Towards Disaggregation-Native Data Streaming between Devices
Nils Asmussen, Michael Roitzsch
TL;DR
The paper tackles data-movement bottlenecks in disaggregated datacenters enabled by fabrics such as CXL, where CPU-centric staging can negate potential latency benefits. It proposes disaggregation-native devices carrying a device-independent data streaming facility and analyzes three protocol-placement strategies, advocating distributed resource-side protocols to minimize hops. Using the M3 architecture with DTU-enabled tiles, it outlines architectural components, device heterogeneity considerations, access control, and protocol implementation approaches, and discusses cross-machine extensions as a core challenge.
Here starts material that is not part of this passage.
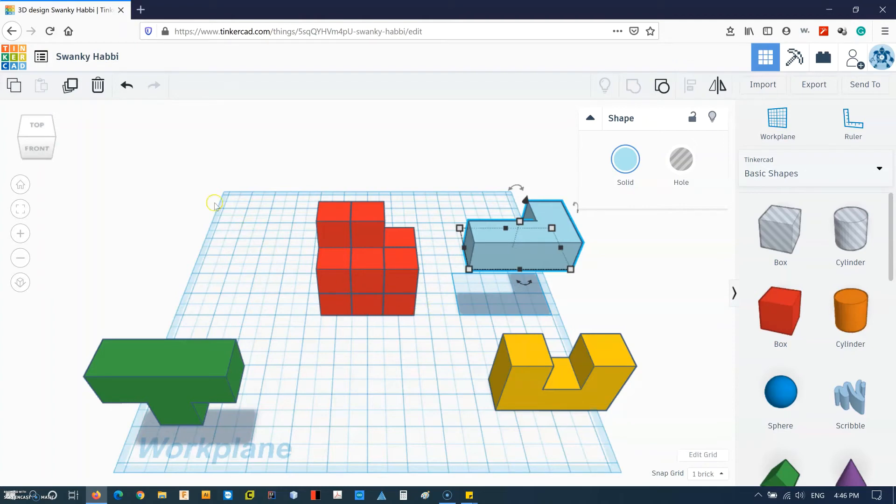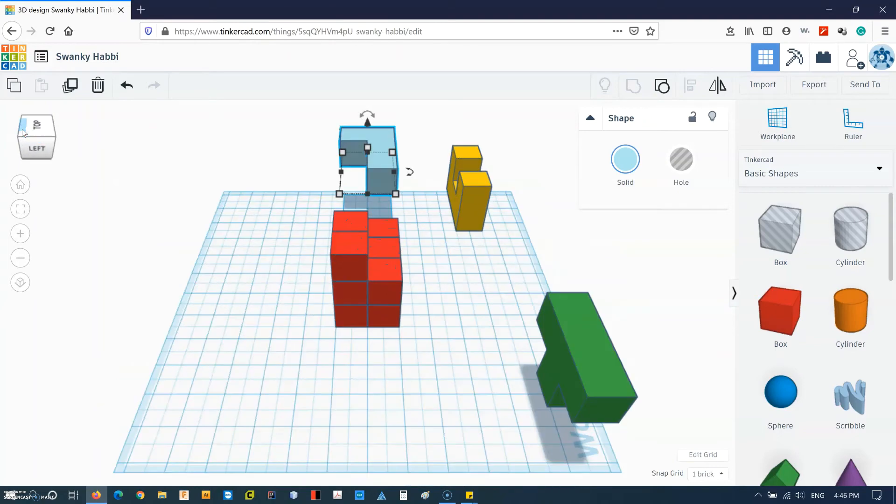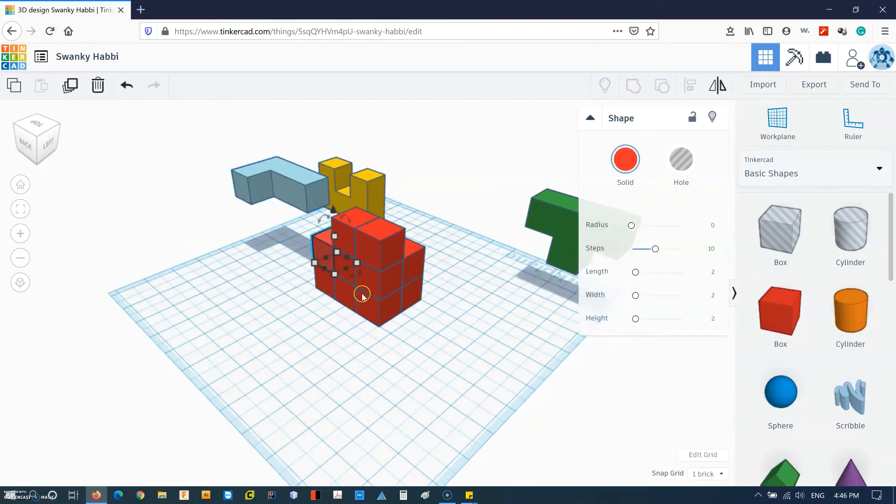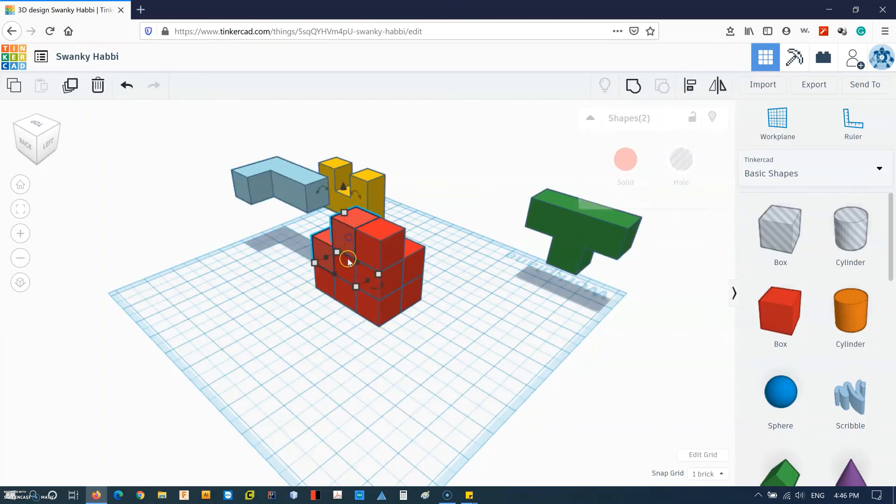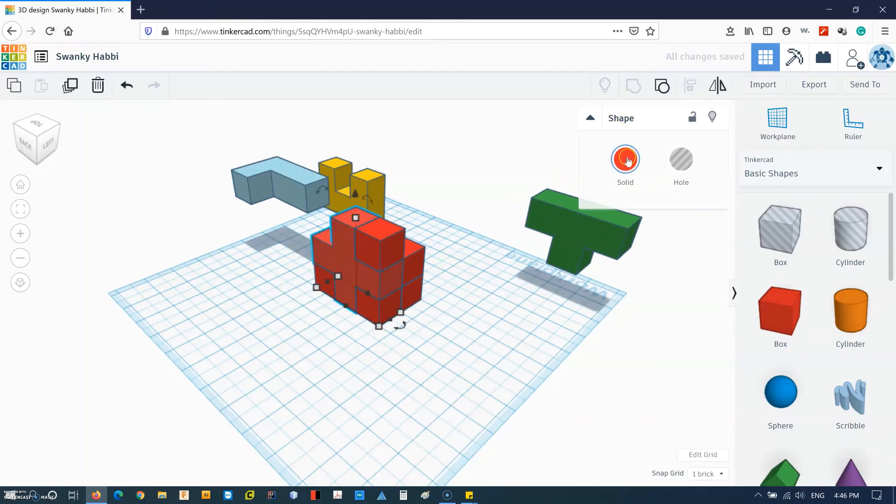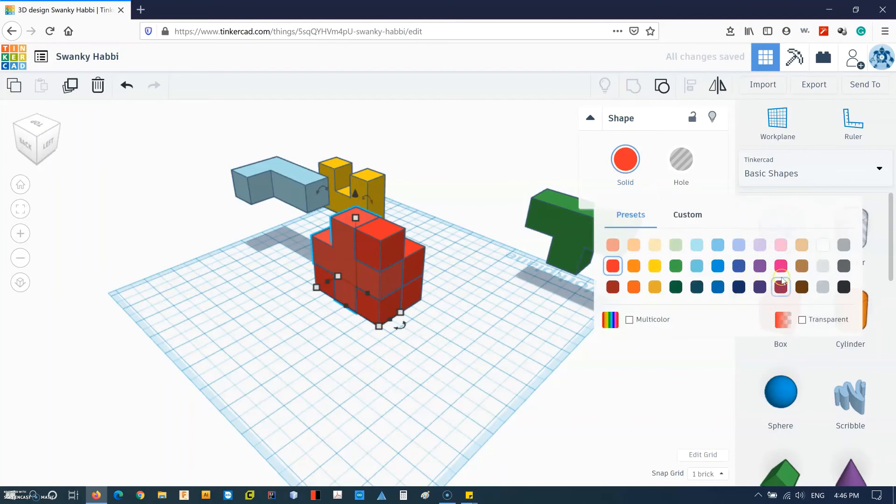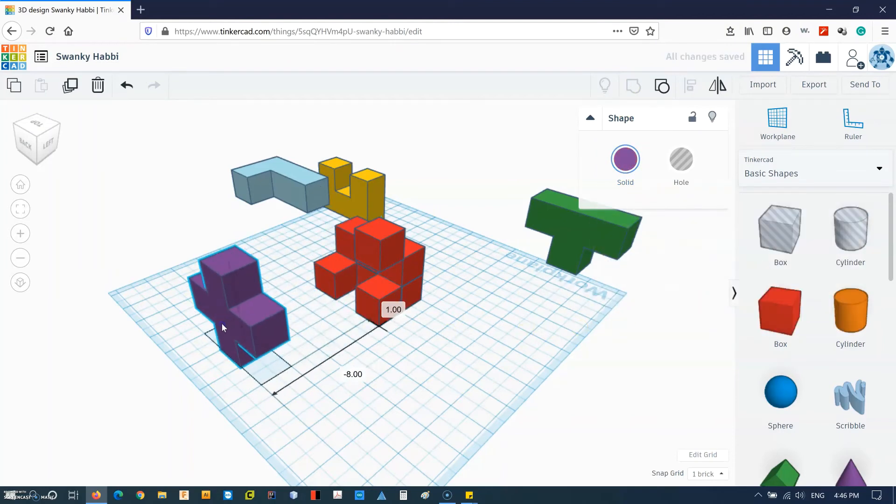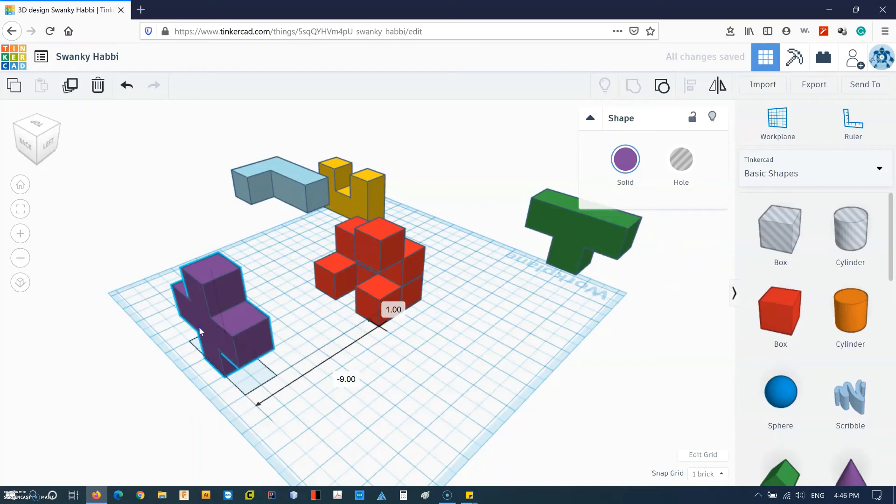And what else can we do. Maybe I can choose—I can make a plus shape. Group it and change the color. So I have this piece.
A gem5-based evaluation demonstrates substantial latency improvements for distributed protocols (up to ~67% faster than app-side and ~25% faster than central), while acknowledging simulation limitations and open questions about mapping security primitives onto CXL fabrics for robust isolation.
Abstract
Disaggregation is an ongoing trend to increase flexibility in datacenters. With interconnect technologies like CXL, pools of CPUs, accelerators, and memory can be connected via a datacenter fabric. Applications can then pick from those pools the resources necessary for their specific workload. However, this vision becomes less clear when we consider data movement. Workloads often require data to be streamed through chains of multiple devices, but typically, these data streams physically do not directly flow device-to-device, but are staged in memory by a CPU hosting device protocol logic. We show that augmenting devices with a disaggregation-native and device-independent data streaming facility can improve processing latencies by enabling data flows directly between arbitrary devices.